PROBLEM DESCRIPTION: In the records below, the relevant part opens with the line containing "Book cover for" and closes with the line containing "CD Joseph Bodin"; print that part exactly and only, without its pictures.

(Records contained in a dataset)

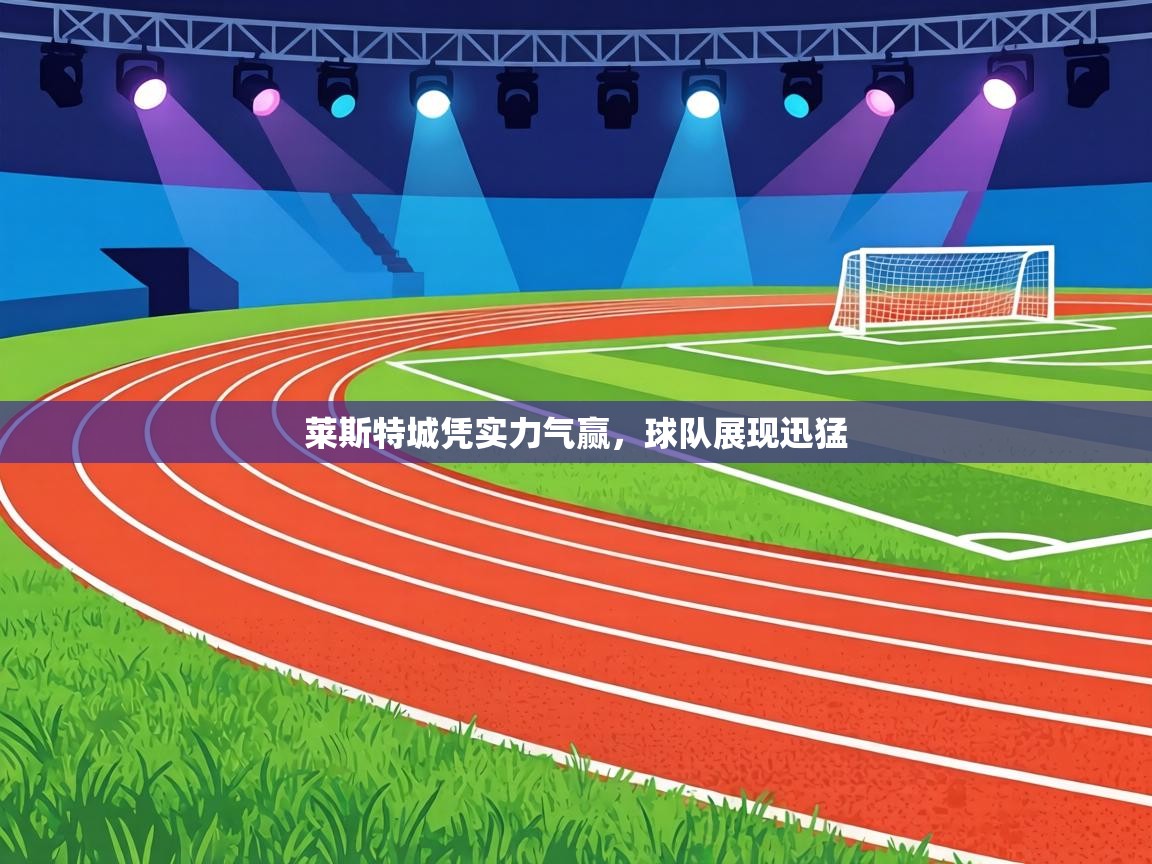 莱斯特城凭实力气赢，球队展现迅猛  第1张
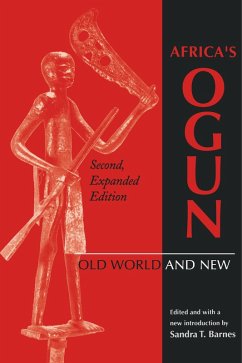 Africa S Ogun, Second, Expanded Edition - Barnes, Sandra T. Africa S Ogun, Second, Expanded Edition - Barnes, Sandra T.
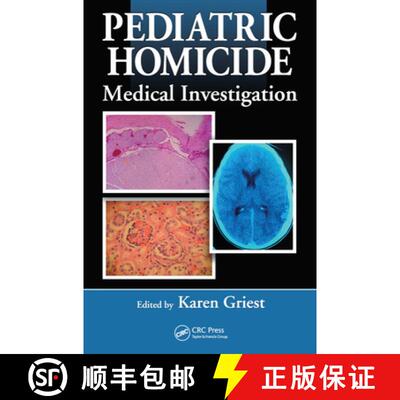 【3-4周达】Pediatric Homicide : Medical Investigation [9781420073003]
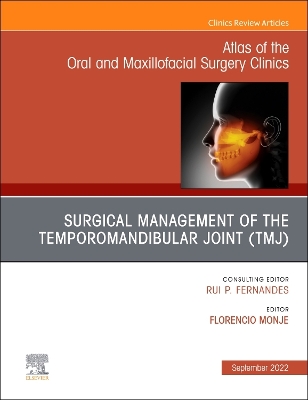 Book cover for Temporomandibular Joint Surgery, an Issue of Atlas of the Oral & Maxillofacial Surgery Clinics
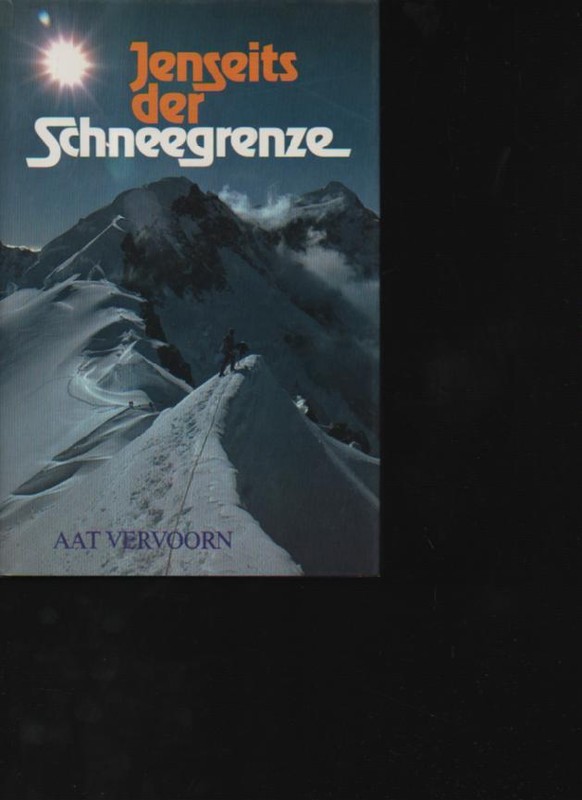 (N7540)   Vervoorn Jenseits Der Schneegrenze, Der Autor Berichtet Von Bergf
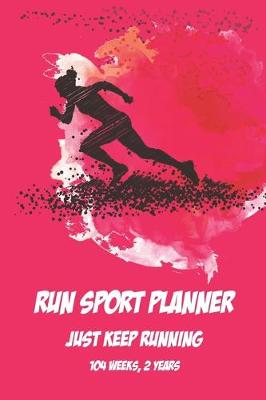 Cover of Run Sport Planner Just Keep Running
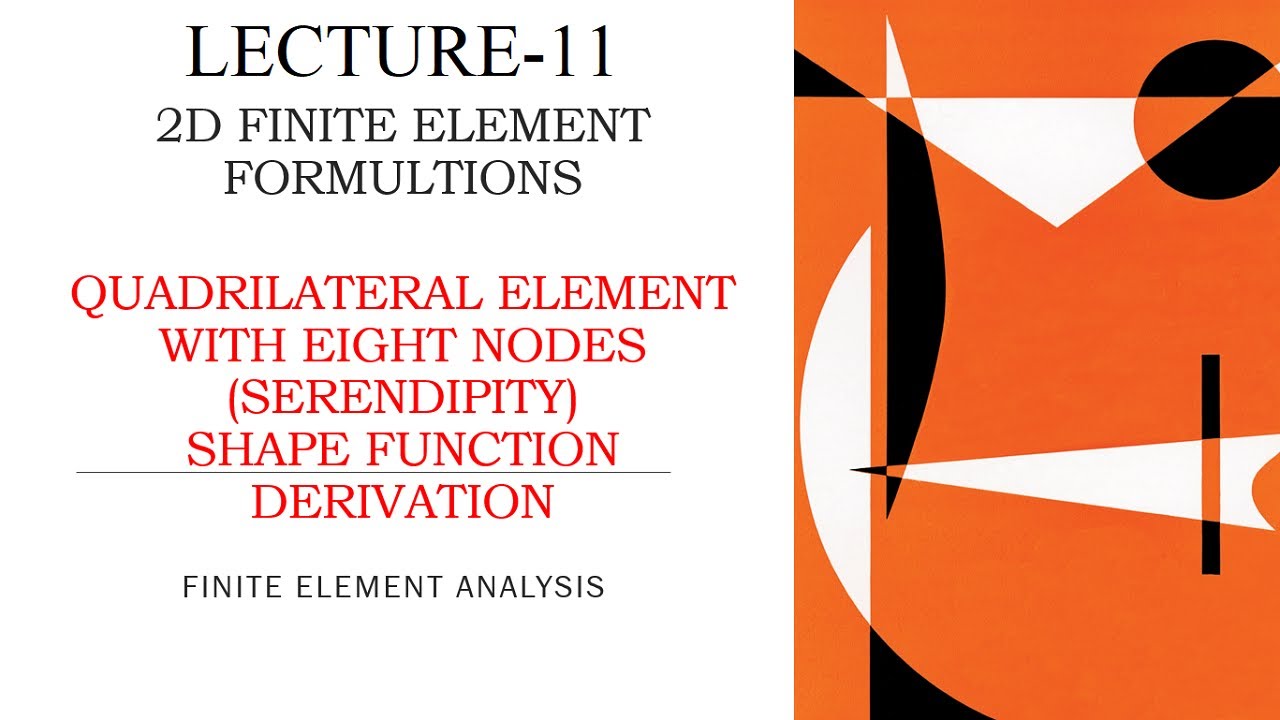 8 Nodded | Quadrilateral element | Shape function | Derivation | Serendipity | FEA | L-11
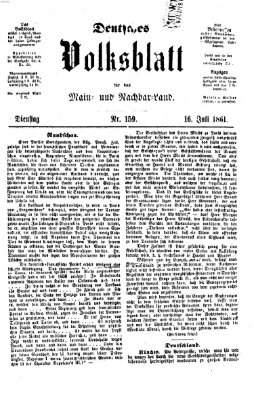 Deutsches Volksblatt für das Main- und Nachbar-Land Dienstag 16. Juli 1861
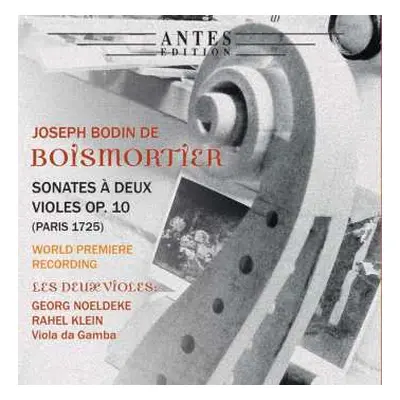 CD Joseph Bodin De Boismortier: Sonates à Deux Violes Op. 10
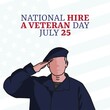 vector graphic of national hire a veteran day good for national hire a veteran day celebration. flat design. flyer design.flat illustration.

OUTPUT OF THE TASK:
 Book cover for Temporomandibular Joint Surgery, an Issue of Atlas of the Oral & Maxillofacial Surgery Clinics
 (N7540)   Vervoorn Jenseits Der Schneegrenze, Der Autor Berichtet Von Bergf
 Cover of Run Sport Planner Just Keep Running
 8 Nodded | Quadrilateral element | Shape function | Derivation | Serendipity | FEA | L-11
 Deutsches Volksblatt für das Main- und Nachbar-Land Dienstag 16. Juli 1861
 CD Joseph Bodin De Boismortier: Sonates à Deux Violes Op. 10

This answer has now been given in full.